Acrobat Distiller is essentially a PostScript interpreter that can be used to convert PostScript to PDF. Distiller is the PDF creation application intended for batch processing and for the creation of PDF files containing high-end print publishing features such as OPI comments, CMYK color spaces, and spot colors. Distiller also has the ability to interpret PostScript extensions called pdfmarks and to convert them into PDF objects such as links, bookmarks, optional content (OC), and annotations.

On Windows, you can automate Distiller through OLE automation (commonly referred to as ActiveX or COM). The automation interface makes it easy to start and control Distiller from any programming language that supports automation. Distiller supports programming environments written for Visual Basic and for Visual C++ with and without MFC.

The Mac OS version of Distiller supports Apple events. Apple events can be used from external applications written in programming languages such as C or from AppleScript. Because AppleScript is more straightforward, it is recommended.

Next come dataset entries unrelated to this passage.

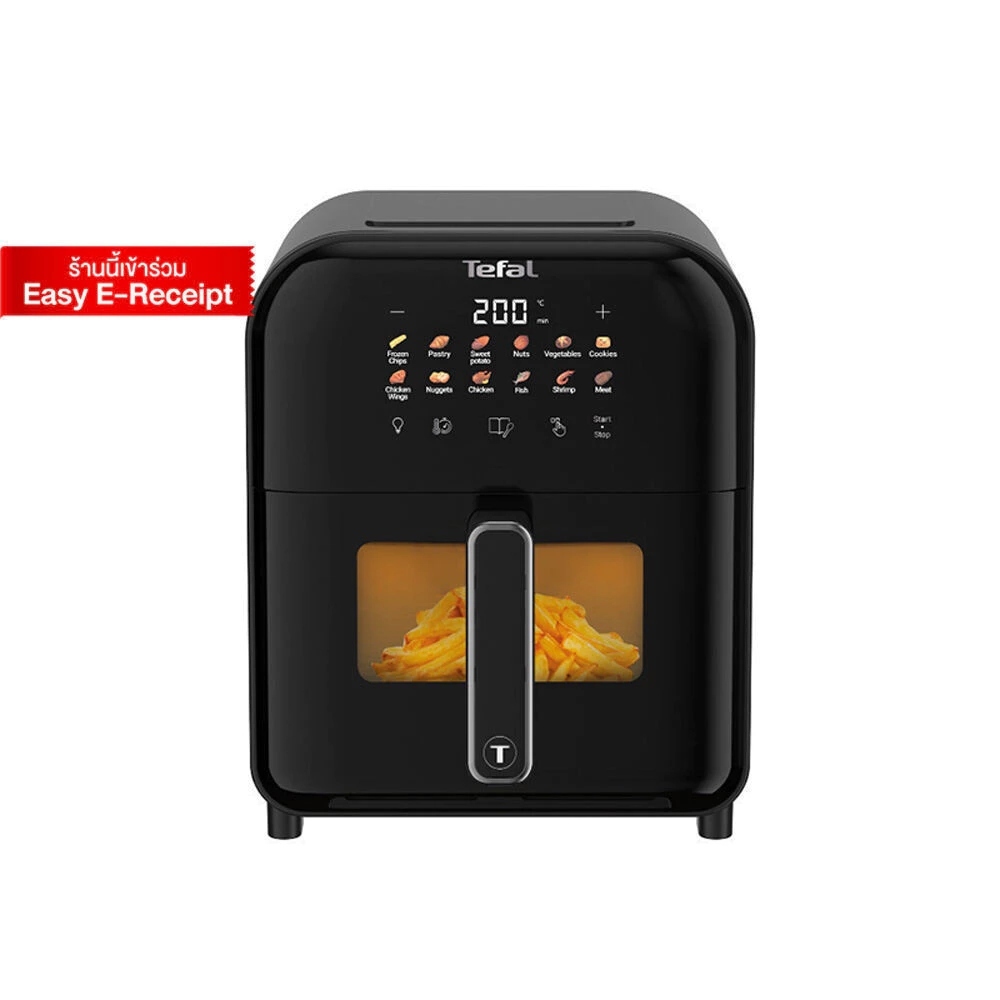 อะไหล่หม้อทอดไร้น้ำมัน Tefal ทีฟาล หม้อทอด Tefal ทุกรุ่น (แชทถาม) ติดต่อเจ้าหน้าที EY821868 EY501866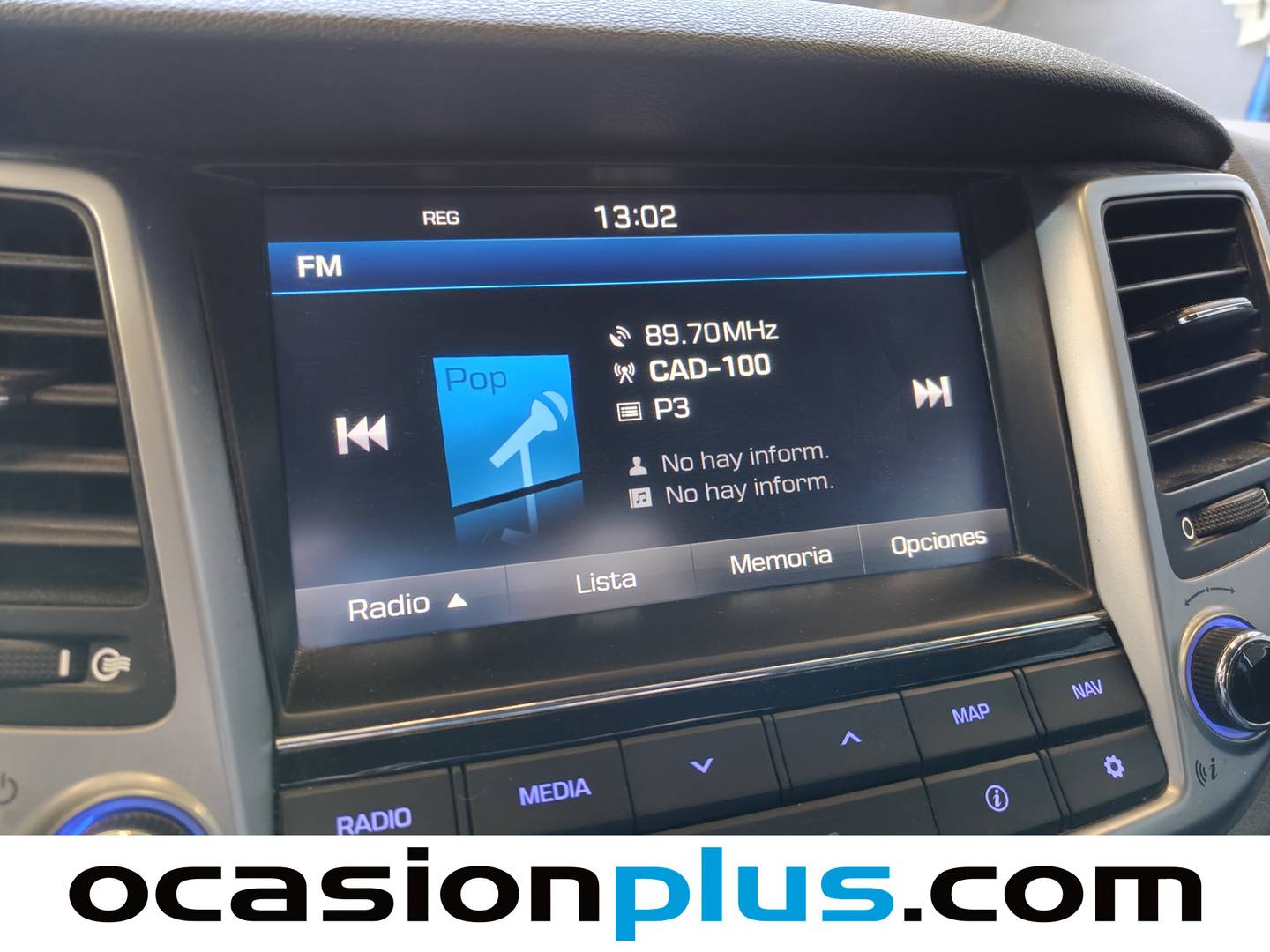Hyundai Tucson Hyundai Tucson 2.0 CRDi BlueDrive Tecno 4x2 (136 CV) km 0
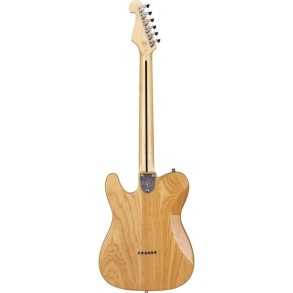 Guitarra Electrica Sx Telecaster Ash Series Solida Con Funda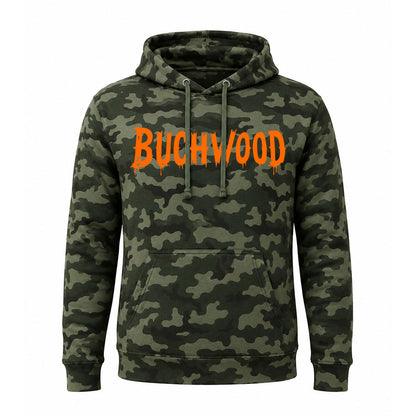 Sweat Capuche camouflage BUCHWOOD - BUCHWOOD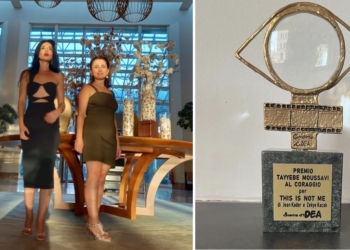 “Bu Ben Değilim” Roma’dan Ödülle Döndü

For more information on Distiller, see the Distiller Help and the Acrobat Distiller API Reference

Automated creation of PDF documents from Windows

The Acrobat SDK has a set of APIs that allow you to automate the creation of PDF files from an external Windows application.

When you use OLE automation, the Distiller splash screen and status are displayed even when the process is automated. With the API, there is no interaction with the user and no display on the screen. The API allows you to specify the name and location of the output PDF file. To do so, you must modify the Windows registry. For more information, see the Acrobat Distiller API Reference.

Automatic generation of advanced Acrobat features

The most convenient place to generate advanced Acrobat features is in the authoring application itself, because that application defines the structure of the document. Advanced PDF features are generated using the pdfmark PostScript operator. The authoring application must generate a PostScript language file that contains the appropriate pdfmark operators for the document structure. The resulting PostScript language file is converted into a PDF file by Distiller. In addition, Acrobat allows logical structure information to be added to a document. For instance, paragraphs in a page’s contents can be associated with a structural element representing a paragraph.

For more information, see the pdfMark Reference.

Attaching a native document to a PDF file

Another way that an authoring application can integrate with Acrobat or Acrobat Reader is to allow the user access to the original authoring document through the Acrobat user interface. Through the use of private data in a PDF file, an authoring application can embed the entire authoring document as part of the PDF file that represents it. This way, not only can the resulting electronic document be viewed by anyone using Acrobat, it can also be edited by users who have the authoring application.

You must write a plug-in for Acrobat to allow users to embed and extract the authoring document. This plug-in would add the authoring document as a private data stream when embedding, and, when extracting, save the stream to a temporary file and invoke the authoring application.

Note

Acrobat and Acrobat Reader ignore private data. Embedding authoring documents in PDF files greatly increases the size of the PDF file.

An association between the PDF file and the authoring document can also be maintained through the use of links in the PDF file. Links can be created that invoke files and their associated applications. If a document management system places such a link in the PDF file, users can invoke the original authoring document by executing the link.

Batch processing with Distiller

You do not need to use the Distiller API to integrate Distiller with your product. Distiller has the ability to watch directories over a network and to convert any PostScript files saved to those directories to PDF. It is also possible to set different job options for each directory so that one directory can be used, for example, for high-end color output, while the other can generate a more compressed file suitable for web use. These features of Distiller are not supported by Acrobat Developer Support. Check the help documentation packaged with the product or books by Adobe Press and other publishers for using Distiller through the user interface.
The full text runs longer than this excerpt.